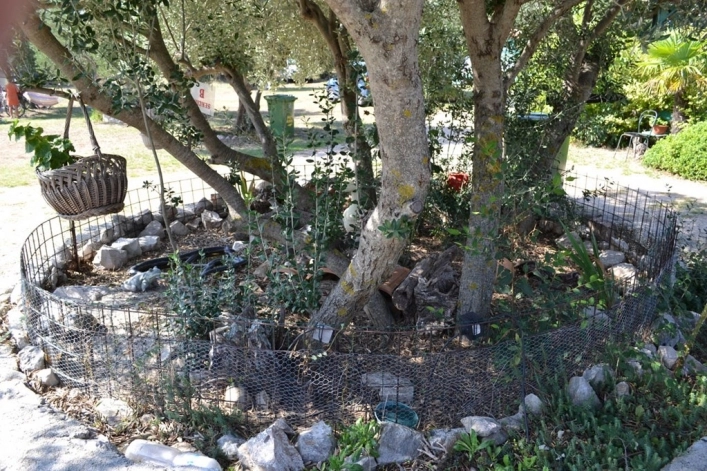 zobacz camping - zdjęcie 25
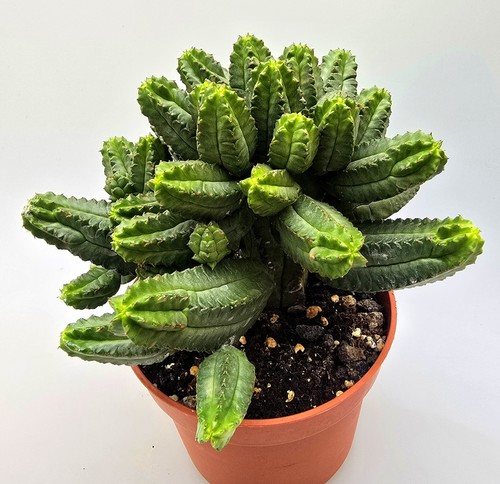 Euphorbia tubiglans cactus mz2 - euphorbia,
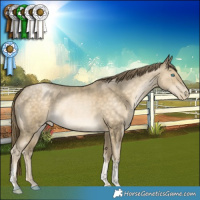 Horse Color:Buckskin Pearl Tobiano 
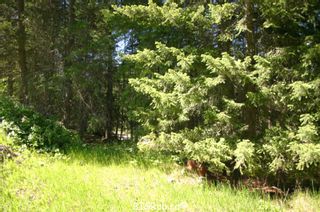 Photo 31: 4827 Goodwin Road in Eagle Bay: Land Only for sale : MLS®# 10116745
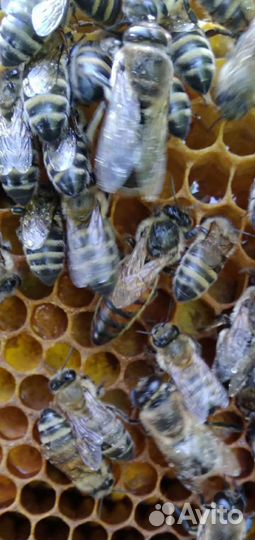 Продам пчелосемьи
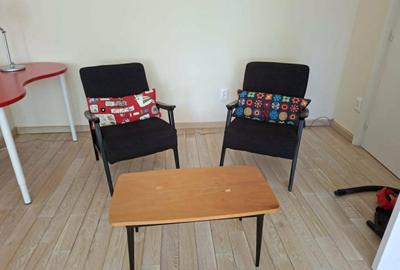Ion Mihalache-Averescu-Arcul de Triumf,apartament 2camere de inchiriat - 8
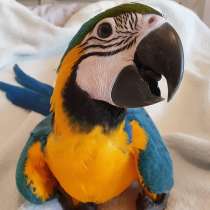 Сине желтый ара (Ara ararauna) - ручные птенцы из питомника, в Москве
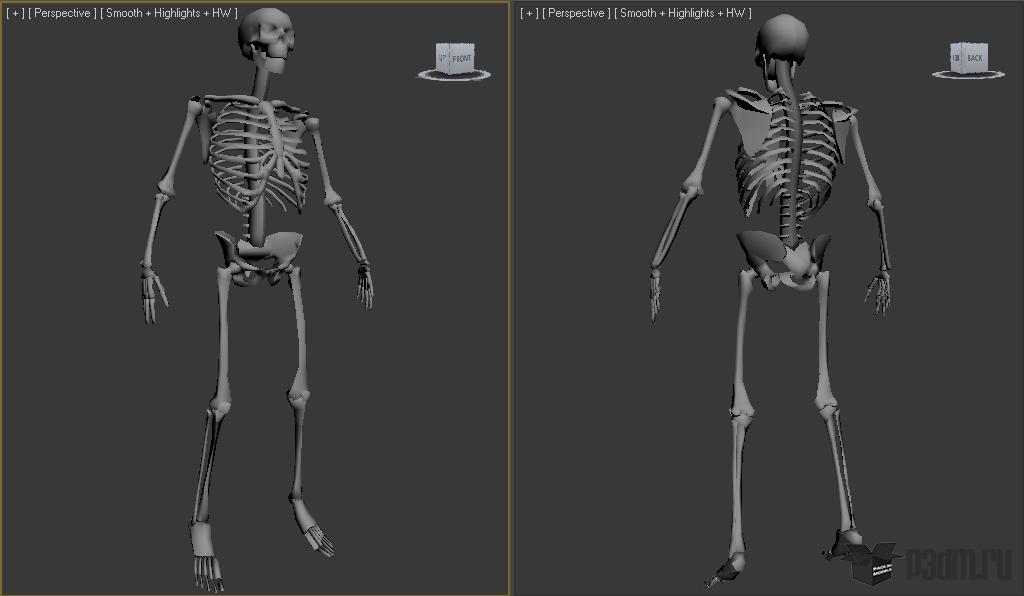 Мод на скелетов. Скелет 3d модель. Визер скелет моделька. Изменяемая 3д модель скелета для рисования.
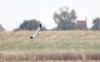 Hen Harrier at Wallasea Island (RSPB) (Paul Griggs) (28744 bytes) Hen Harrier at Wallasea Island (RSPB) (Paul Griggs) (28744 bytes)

AIM OF THE EXERCISE
Extract every line of the data exactly; pictures stay out.

SOLUTION TO THIS TASK
 zobacz camping - zdjęcie 25
 Euphorbia tubiglans cactus mz2 - euphorbia,
 Horse Color:Buckskin Pearl Tobiano 
 Photo 31: 4827 Goodwin Road in Eagle Bay: Land Only for sale : MLS®# 10116745
 Продам пчелосемьи
Ion Mihalache-Averescu-Arcul de Triumf,apartament 2camere de inchiriat - 8
 Сине желтый ара (Ara ararauna) - ручные птенцы из питомника, в Москве
 Мод на скелетов. Скелет 3d модель. Визер скелет моделька. Изменяемая 3д модель скелета для рисования.
 Hen Harrier at Wallasea Island (RSPB) (Paul Griggs) (28744 bytes) Hen Harrier at Wallasea Island (RSPB) (Paul Griggs) (28744 bytes)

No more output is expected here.